[[ Supplied material open ]]

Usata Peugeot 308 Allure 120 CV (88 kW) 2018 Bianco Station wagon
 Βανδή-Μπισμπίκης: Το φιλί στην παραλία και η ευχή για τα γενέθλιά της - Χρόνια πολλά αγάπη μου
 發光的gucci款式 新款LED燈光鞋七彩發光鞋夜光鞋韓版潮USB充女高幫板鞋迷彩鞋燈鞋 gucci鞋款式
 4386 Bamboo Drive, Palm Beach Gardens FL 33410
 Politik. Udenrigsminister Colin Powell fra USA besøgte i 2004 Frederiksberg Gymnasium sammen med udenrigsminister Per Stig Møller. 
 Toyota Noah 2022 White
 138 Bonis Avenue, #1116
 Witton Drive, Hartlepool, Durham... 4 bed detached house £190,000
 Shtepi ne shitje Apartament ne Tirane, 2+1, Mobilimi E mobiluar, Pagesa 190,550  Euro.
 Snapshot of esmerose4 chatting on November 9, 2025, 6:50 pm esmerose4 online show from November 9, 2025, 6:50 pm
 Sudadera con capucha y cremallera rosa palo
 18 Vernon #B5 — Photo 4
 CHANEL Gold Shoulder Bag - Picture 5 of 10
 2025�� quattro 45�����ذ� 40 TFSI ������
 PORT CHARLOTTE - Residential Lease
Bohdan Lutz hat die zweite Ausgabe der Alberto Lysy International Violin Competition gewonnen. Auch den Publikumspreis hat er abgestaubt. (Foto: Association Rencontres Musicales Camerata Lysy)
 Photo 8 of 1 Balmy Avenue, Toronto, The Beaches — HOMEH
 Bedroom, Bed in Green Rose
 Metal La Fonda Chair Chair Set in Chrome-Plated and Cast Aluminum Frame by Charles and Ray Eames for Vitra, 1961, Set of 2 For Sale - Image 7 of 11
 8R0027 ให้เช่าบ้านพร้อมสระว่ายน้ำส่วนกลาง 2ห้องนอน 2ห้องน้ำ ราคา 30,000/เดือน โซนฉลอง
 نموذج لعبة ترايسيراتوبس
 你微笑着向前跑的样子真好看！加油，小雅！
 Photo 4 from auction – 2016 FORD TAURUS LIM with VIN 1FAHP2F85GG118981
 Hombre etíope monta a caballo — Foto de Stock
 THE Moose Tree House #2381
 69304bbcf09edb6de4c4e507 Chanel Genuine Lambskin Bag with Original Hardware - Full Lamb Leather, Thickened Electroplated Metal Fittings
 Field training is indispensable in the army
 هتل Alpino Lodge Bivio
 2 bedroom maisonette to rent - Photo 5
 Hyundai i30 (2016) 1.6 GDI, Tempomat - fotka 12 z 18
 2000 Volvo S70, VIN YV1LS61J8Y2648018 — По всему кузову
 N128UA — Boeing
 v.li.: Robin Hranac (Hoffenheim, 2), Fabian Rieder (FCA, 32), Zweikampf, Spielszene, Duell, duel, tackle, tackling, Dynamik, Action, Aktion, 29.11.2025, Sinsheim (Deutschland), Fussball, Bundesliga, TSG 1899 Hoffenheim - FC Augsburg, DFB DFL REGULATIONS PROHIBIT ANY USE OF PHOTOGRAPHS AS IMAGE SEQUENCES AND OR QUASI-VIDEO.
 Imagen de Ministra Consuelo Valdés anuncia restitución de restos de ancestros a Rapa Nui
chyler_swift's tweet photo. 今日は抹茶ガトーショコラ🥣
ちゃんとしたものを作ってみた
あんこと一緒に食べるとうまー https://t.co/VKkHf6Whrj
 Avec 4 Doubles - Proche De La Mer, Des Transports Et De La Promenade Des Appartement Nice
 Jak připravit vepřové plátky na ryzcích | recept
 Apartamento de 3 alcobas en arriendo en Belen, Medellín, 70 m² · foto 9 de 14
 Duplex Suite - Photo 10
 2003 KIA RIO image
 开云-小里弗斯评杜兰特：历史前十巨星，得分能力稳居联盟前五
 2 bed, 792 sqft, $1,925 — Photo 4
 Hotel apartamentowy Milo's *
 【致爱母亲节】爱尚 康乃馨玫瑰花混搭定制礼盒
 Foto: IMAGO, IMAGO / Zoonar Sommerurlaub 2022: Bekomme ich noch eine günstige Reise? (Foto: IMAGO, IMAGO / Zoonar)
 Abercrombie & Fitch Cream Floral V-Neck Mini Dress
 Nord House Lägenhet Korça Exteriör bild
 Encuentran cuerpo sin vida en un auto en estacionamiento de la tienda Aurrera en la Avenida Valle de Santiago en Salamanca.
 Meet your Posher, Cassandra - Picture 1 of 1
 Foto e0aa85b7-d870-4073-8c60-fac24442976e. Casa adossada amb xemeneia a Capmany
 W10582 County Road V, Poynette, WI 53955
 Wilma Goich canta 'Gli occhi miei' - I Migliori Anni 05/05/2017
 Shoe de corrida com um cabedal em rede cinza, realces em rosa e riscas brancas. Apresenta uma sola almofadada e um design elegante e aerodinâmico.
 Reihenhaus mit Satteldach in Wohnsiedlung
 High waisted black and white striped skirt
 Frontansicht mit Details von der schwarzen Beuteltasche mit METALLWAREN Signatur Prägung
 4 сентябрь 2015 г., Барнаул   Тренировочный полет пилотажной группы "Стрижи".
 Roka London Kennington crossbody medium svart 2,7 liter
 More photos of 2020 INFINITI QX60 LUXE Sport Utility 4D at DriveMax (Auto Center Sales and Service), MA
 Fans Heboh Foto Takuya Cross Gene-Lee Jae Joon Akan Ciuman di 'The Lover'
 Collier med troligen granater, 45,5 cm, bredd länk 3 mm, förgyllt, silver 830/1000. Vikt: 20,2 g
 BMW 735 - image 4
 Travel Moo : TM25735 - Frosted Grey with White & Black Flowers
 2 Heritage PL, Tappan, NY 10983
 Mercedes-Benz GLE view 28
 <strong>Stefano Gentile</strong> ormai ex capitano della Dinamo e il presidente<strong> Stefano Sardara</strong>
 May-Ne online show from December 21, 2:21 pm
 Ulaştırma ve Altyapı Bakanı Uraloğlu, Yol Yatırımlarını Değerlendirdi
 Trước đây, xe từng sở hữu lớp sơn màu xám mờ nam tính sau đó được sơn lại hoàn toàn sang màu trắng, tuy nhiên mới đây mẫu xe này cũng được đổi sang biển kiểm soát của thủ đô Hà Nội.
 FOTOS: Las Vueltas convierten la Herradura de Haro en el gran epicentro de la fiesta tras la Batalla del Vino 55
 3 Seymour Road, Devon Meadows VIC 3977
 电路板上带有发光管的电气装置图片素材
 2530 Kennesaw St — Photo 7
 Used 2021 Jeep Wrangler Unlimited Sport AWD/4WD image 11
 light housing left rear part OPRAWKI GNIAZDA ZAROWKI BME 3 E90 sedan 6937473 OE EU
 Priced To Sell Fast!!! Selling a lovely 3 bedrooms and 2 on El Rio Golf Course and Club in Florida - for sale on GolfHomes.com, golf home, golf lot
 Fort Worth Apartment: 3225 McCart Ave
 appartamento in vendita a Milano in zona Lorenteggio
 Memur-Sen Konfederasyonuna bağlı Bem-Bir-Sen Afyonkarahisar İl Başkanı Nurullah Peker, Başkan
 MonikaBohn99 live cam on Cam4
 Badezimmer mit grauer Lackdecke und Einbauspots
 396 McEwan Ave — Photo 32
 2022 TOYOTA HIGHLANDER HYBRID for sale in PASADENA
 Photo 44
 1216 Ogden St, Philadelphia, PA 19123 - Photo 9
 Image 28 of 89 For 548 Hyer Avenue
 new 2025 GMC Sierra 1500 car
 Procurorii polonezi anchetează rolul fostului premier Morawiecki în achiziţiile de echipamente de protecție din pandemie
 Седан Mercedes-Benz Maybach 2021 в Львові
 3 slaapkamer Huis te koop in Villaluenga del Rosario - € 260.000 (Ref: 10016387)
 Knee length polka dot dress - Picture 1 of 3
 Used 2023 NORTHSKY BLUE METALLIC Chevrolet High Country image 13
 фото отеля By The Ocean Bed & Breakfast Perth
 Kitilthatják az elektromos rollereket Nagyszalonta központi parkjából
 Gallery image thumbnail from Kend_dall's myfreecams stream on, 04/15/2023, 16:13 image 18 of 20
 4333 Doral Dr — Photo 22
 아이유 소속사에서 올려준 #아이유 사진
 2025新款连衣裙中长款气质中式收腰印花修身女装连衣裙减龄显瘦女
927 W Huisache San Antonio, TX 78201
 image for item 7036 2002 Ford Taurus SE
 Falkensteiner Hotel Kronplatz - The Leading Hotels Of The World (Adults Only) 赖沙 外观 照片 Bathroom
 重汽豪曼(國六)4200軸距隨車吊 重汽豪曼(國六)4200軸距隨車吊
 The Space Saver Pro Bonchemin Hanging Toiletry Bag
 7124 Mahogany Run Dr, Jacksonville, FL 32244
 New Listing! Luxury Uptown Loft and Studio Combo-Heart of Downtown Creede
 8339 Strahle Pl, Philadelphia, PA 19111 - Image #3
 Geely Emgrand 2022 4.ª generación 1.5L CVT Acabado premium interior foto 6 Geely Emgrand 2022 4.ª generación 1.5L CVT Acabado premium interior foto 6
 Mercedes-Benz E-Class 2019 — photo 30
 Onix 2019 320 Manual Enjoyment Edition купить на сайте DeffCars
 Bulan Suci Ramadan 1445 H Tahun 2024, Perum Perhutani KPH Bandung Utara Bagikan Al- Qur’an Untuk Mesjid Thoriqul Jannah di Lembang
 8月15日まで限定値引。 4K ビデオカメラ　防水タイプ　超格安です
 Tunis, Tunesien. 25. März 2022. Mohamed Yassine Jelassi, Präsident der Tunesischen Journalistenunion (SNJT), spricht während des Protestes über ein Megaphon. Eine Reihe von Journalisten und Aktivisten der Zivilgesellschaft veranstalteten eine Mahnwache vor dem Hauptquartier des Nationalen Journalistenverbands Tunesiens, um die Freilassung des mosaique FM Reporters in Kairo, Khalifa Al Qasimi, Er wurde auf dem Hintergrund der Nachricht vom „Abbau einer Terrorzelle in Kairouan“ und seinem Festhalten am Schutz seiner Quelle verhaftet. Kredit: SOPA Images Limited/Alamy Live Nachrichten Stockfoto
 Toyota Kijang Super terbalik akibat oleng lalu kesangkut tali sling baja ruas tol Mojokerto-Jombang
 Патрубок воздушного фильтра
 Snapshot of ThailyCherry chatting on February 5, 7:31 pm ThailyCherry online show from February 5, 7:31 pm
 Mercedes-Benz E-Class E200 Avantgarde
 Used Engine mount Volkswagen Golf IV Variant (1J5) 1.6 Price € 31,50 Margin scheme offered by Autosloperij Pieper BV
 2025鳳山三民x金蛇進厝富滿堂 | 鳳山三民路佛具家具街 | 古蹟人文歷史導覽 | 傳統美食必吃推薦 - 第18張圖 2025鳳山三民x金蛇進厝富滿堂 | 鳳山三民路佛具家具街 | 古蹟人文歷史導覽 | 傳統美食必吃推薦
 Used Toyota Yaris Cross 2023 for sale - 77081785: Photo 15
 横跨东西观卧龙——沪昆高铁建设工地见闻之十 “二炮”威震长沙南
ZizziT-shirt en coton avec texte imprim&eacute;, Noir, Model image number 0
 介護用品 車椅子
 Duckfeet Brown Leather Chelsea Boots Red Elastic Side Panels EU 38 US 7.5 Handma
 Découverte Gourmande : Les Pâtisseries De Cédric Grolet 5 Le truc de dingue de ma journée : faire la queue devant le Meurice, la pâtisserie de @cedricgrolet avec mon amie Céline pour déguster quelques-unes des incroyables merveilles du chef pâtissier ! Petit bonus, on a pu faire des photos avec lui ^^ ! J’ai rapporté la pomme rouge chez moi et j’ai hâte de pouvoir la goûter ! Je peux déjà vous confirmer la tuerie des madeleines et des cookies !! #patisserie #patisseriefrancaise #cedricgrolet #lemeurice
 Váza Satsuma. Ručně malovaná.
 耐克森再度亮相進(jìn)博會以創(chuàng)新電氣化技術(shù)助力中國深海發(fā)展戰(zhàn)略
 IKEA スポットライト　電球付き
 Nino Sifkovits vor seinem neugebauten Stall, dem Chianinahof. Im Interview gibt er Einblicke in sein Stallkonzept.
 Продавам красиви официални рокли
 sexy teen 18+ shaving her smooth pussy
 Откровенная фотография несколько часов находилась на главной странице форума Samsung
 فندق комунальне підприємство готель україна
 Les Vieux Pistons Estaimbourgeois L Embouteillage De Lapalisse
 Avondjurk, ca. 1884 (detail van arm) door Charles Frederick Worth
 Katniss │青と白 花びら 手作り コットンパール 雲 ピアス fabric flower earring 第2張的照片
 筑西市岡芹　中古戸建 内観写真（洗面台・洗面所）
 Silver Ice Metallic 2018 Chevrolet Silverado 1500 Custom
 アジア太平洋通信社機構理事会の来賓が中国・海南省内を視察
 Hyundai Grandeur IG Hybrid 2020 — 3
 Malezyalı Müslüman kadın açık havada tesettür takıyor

[[ Supplied material closed ]]

Task details: Look above for the line containing "Used 2021 Jeep". Output from there through the line containing "Badezimmer mit grauer", exactly and inclusively.

Response area:
 Used 2021 Jeep Wrangler Unlimited Sport AWD/4WD image 11
 light housing left rear part OPRAWKI GNIAZDA ZAROWKI BME 3 E90 sedan 6937473 OE EU
 Priced To Sell Fast!!! Selling a lovely 3 bedrooms and 2 on El Rio Golf Course and Club in Florida - for sale on GolfHomes.com, golf home, golf lot
 Fort Worth Apartment: 3225 McCart Ave
 appartamento in vendita a Milano in zona Lorenteggio
 Memur-Sen Konfederasyonuna bağlı Bem-Bir-Sen Afyonkarahisar İl Başkanı Nurullah Peker, Başkan
 MonikaBohn99 live cam on Cam4
 Badezimmer mit grauer Lackdecke und Einbauspots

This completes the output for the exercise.